While many investigators agree that the trauma-induced breakdown of the lymphokine cascade (interleukins 1 and 2; IL-1, IL-2) is responsible for the lack of T-lymphocyte activation and proliferation following injury [7–9], its potential effect on B-cell responses has not been investigated extensively so far. While there have been some studies on specific and unspecific humoral immune responses in burned individuals [25, 30], there have been only a very limited number of observations made of humoral immune responses following major trauma. It is known that in patients who develop severe sepsis, the antibody-forming cell responses are profoundly depressed compared to those of patients who did not develop sepsis and who had normal amounts of antibody-forming cells [4]. Nohr et al. [20, 21] studied humoral immunity in surgical patients in vivo and in vitro.

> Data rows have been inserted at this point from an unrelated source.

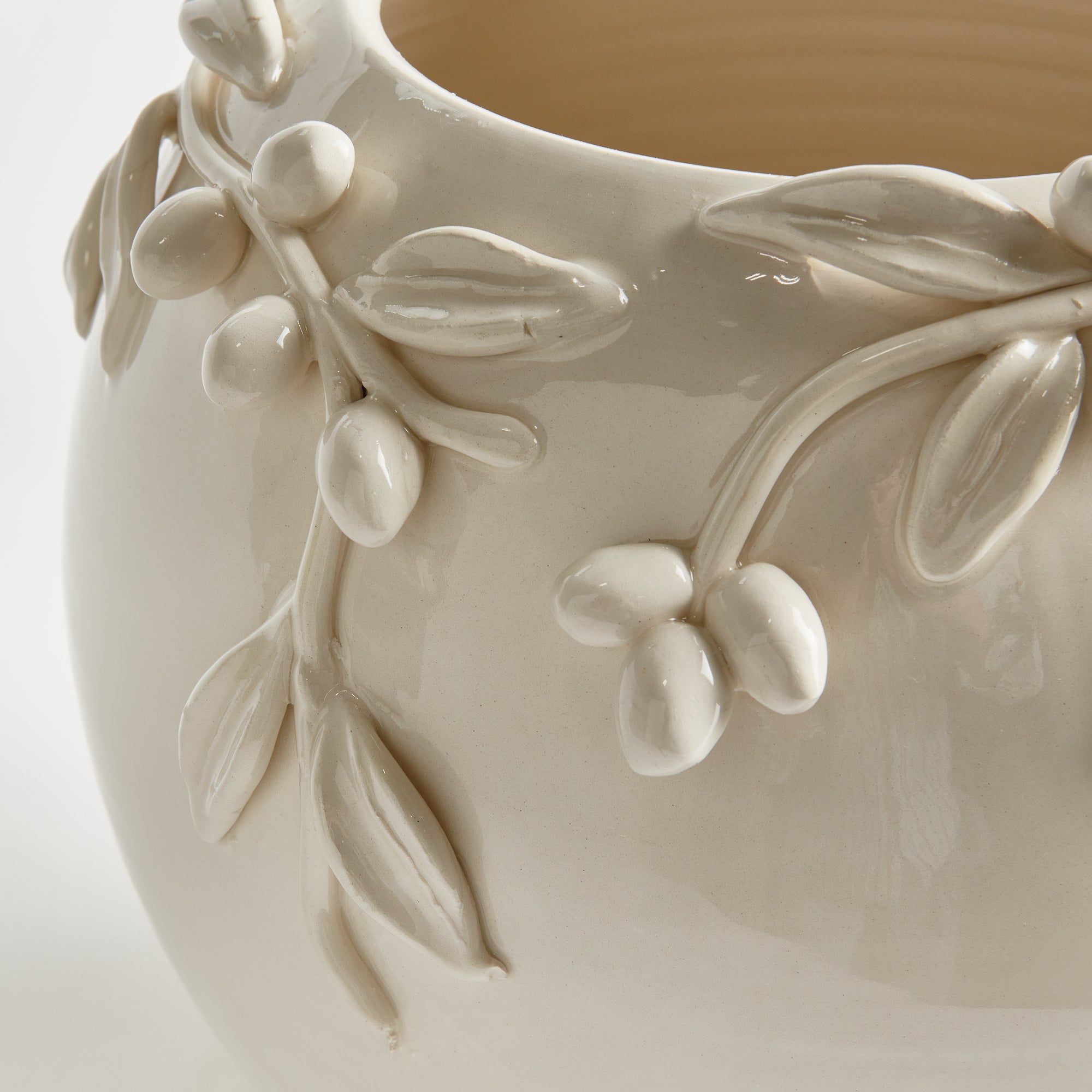 Olivella Vase - View 4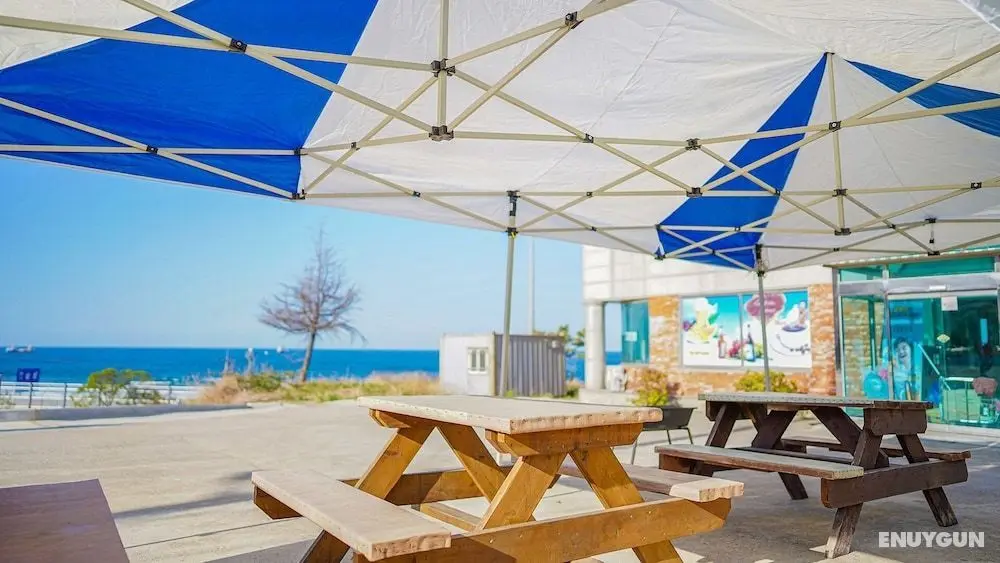 Mangsang Beach Pension - Yerinde Yemek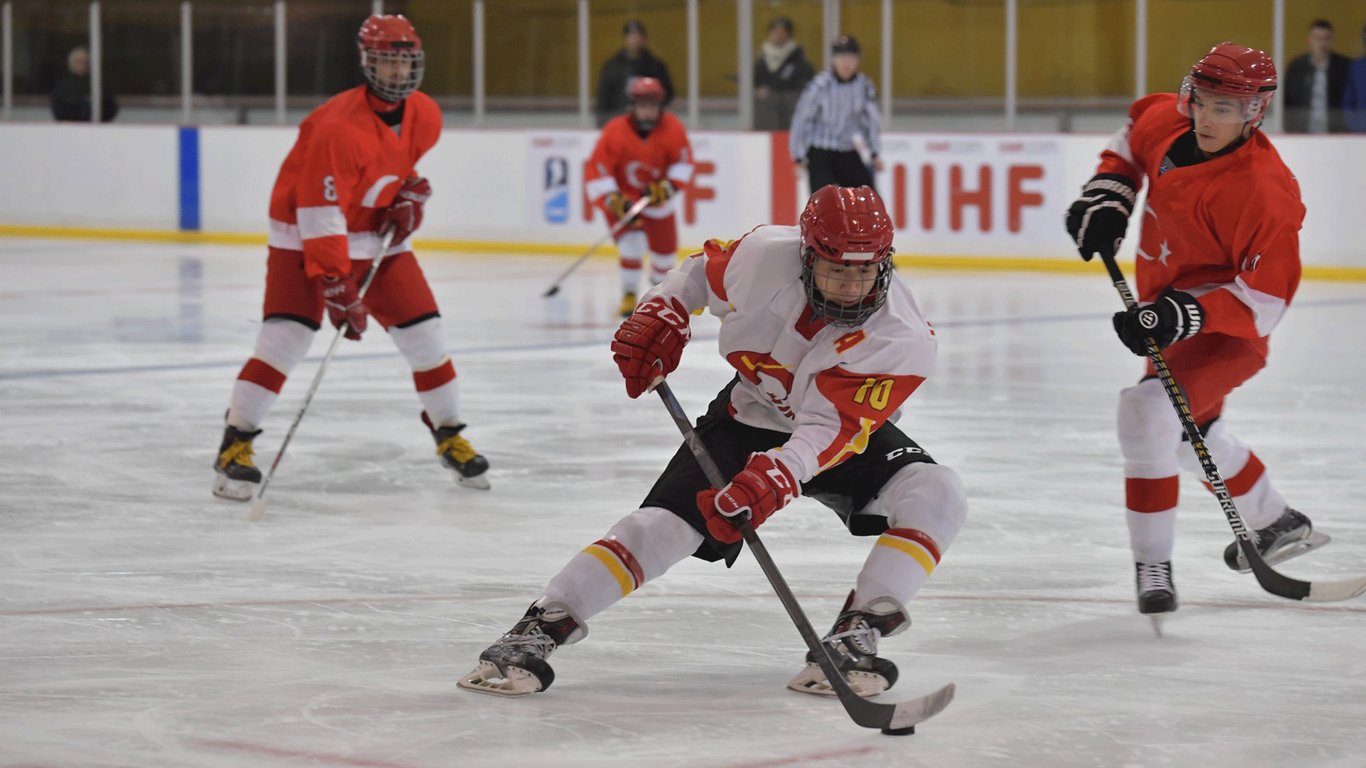 Canucks set to wear red Chinese New Year jerseys - Salmon Arm Observer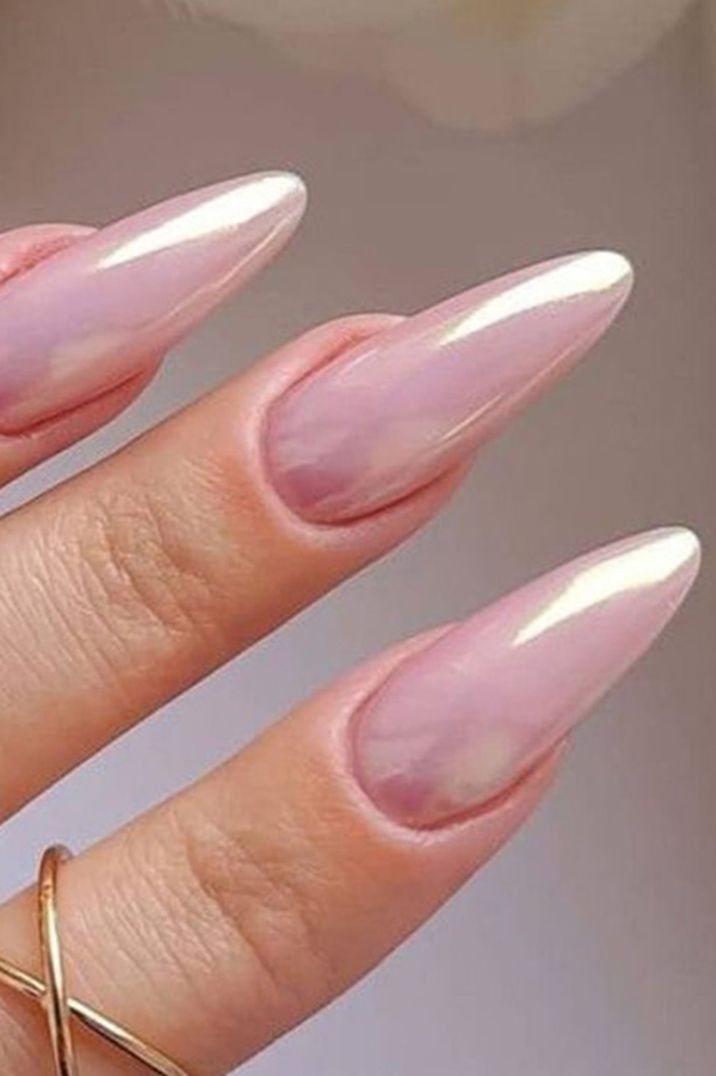 Almond shape wedding nails with pink chrome 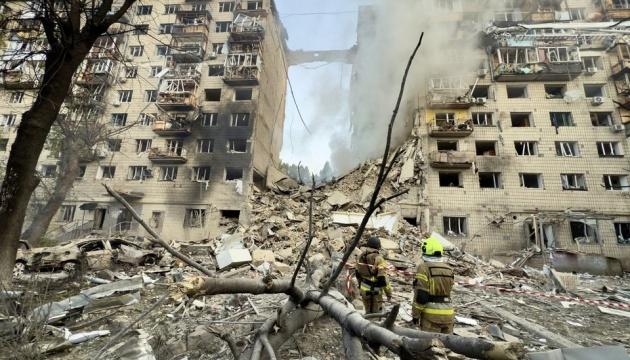 Внаслідок російської агресії в Києві постраждали 99 осіб, з яких 59 було госпіталізовано, повідомляє Міністерство охорони здоров'я.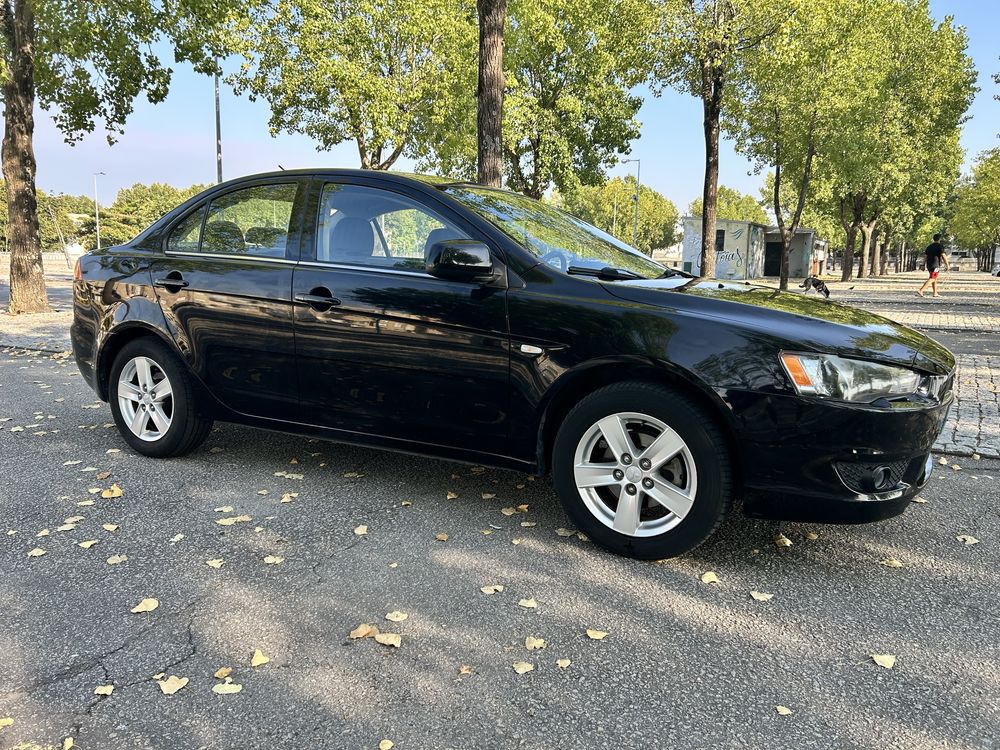 Mitsubishi Lancer 1.5i invite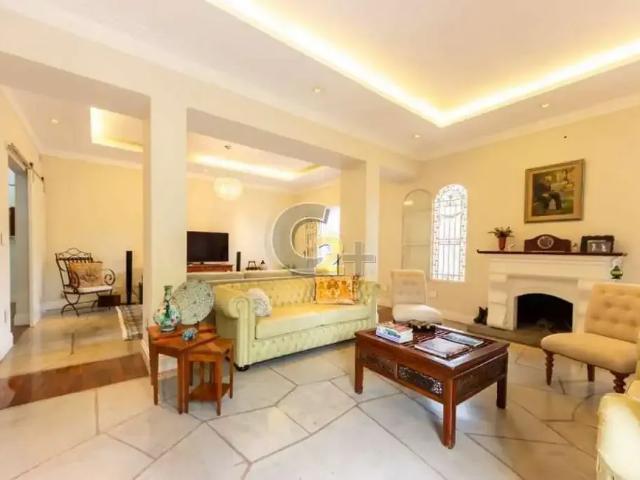 Casa / Sobrado para Venda em São Paulo/SP Pacaembu 4 Quartos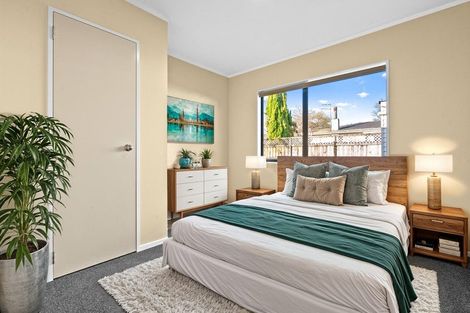 Photo of property in 56 Fernaig Street, Papakura, 2110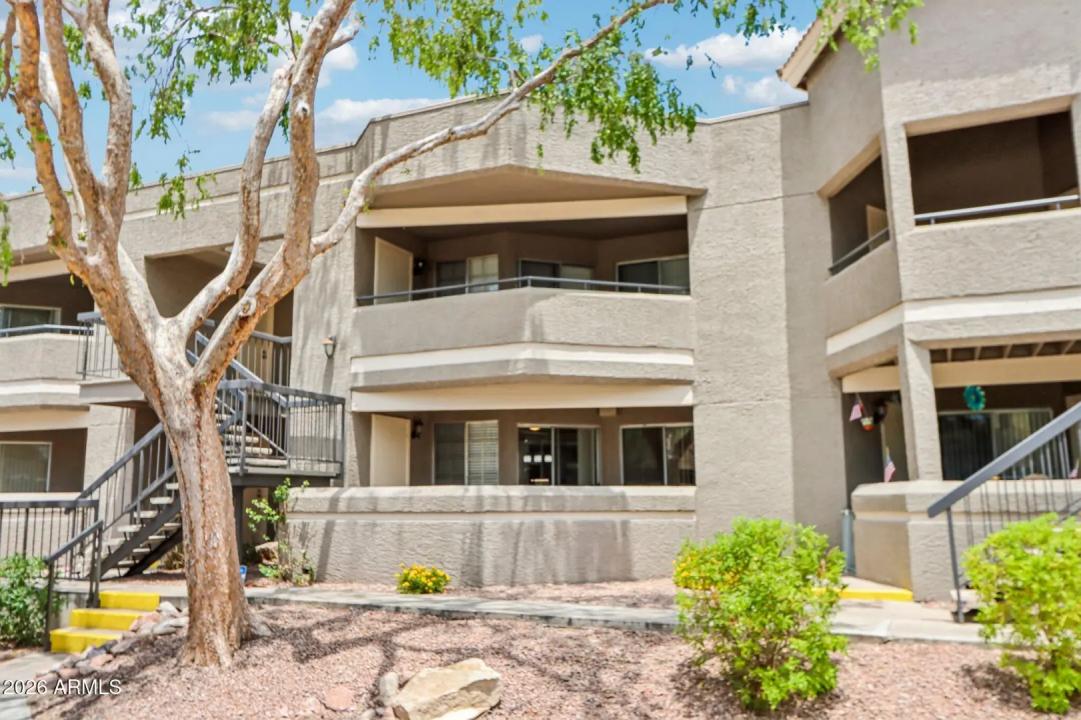 Real Estate Picture 3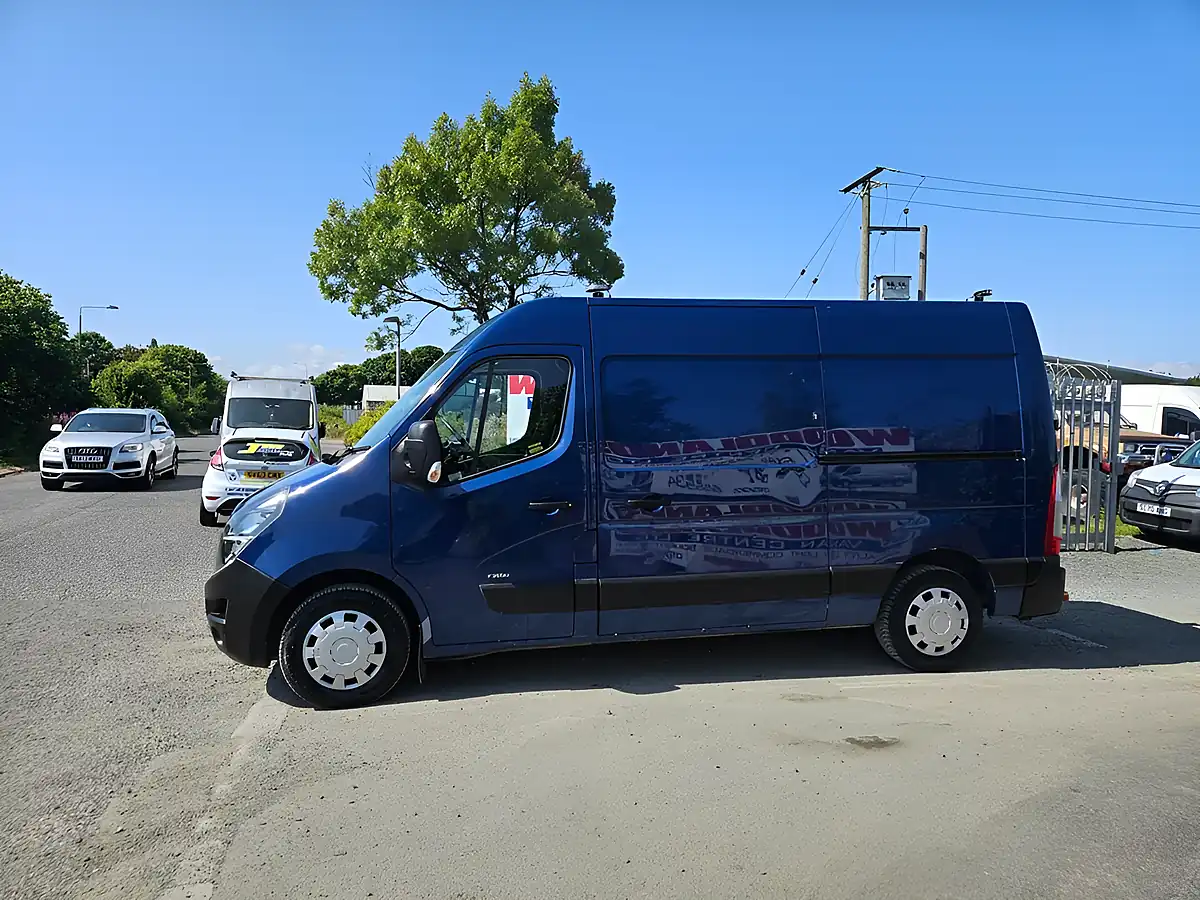 Used 2021 Vauxhall Movano Edition Blue - Interior and Exterior details 5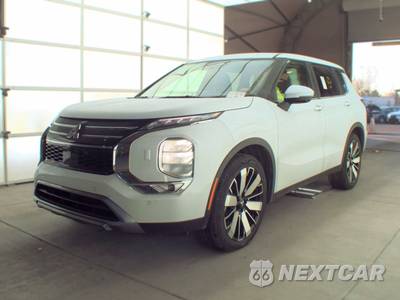 2025 Mitsubishi Outlander SE - zdjęcie 1 z 29 - miniatura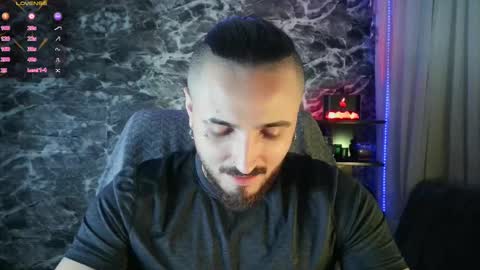 Snapshot of garbel09 chatting on 02.19.25 Chris  Dont forget to gift me thumb up Its very important to me and makes me happy AF  online show from 02.19.25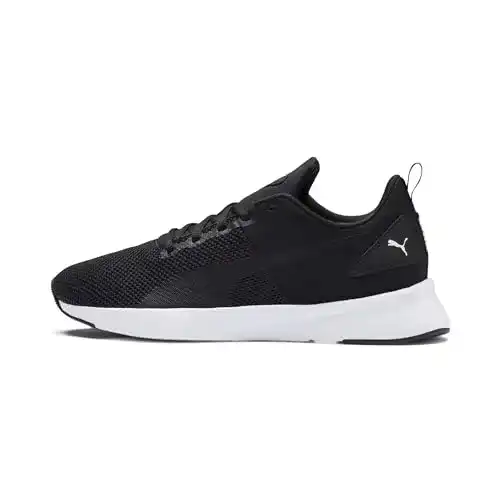 Nike Laufschuhe Herren und PUMA Flyer Runner Unisex Turnschuh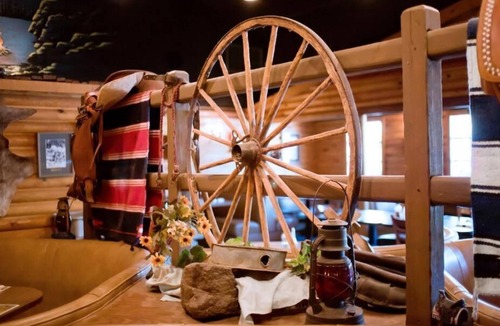 Kohls Ranch Cabin | Payson | Family Nature Retreat | Pool + Hot Tub | 2BR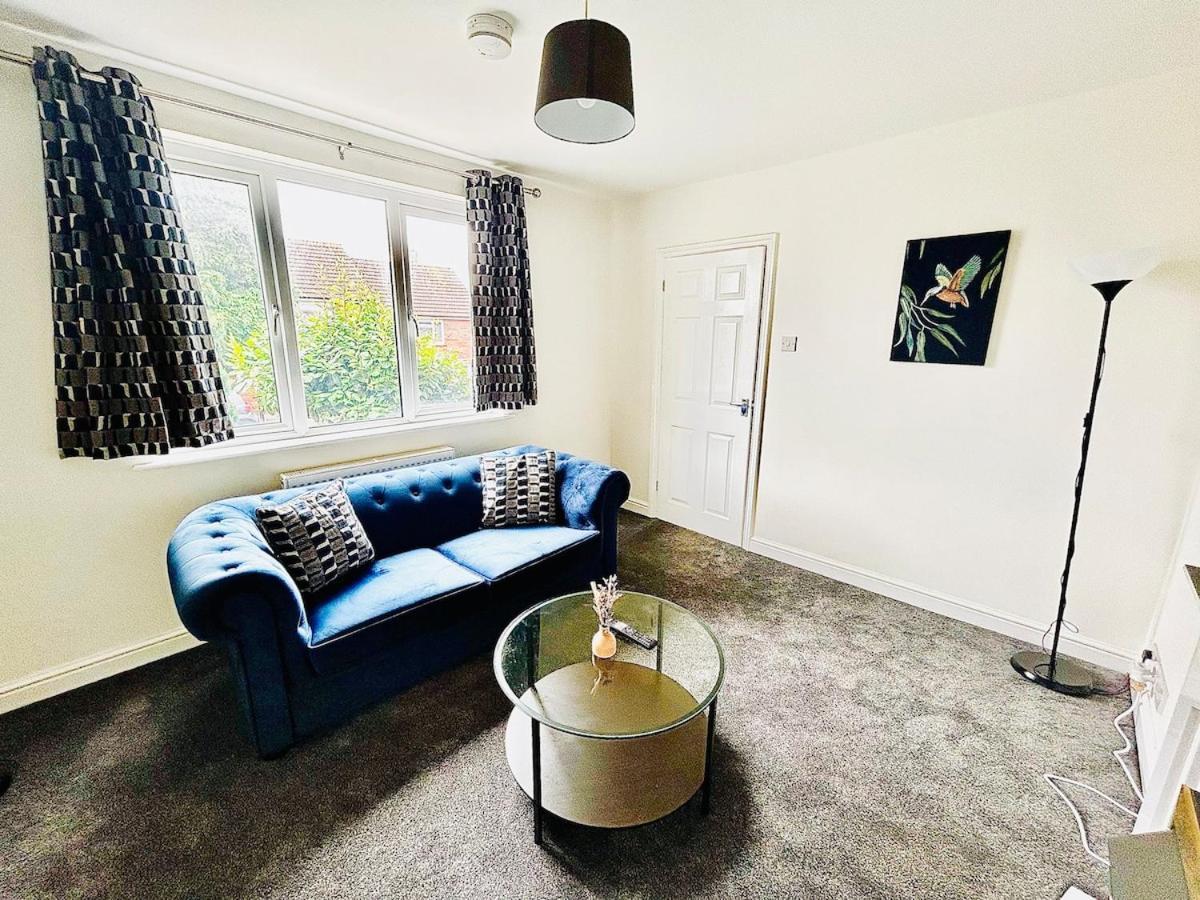 Stylish & Cosy 3 Bedroom By Altoluxoexperience Short Lets & Serviced With Free Wifi & Parking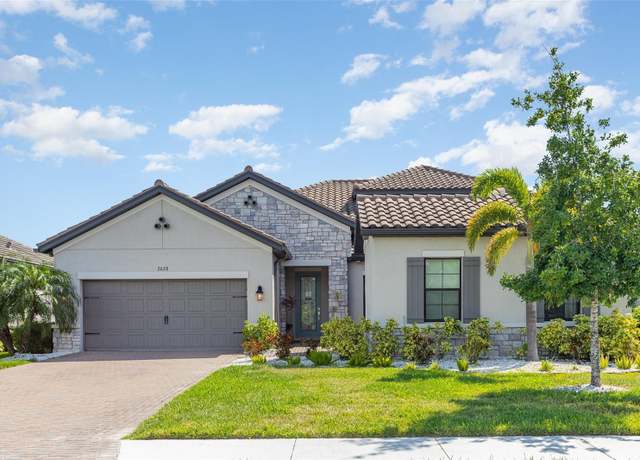 Property at 2028 Woodleaf Hammock Ct, Bradenton, FL 34211, 4 beds, 5 baths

They found a deficiency of in vitro B-cell responses to tetanus toxoid compared to those of controls, who showed a population of B-cells that spontaneously secreted tetanus toxoid in vitro following immunization. In vitro antibody production in their study reflected the in vivo antibody responses. Nohr et al. concluded from their results that the failure of specific antibody production might be caused by a failure of the antigen recognition and/or lymphocyte activation in unresponsive surgical patients.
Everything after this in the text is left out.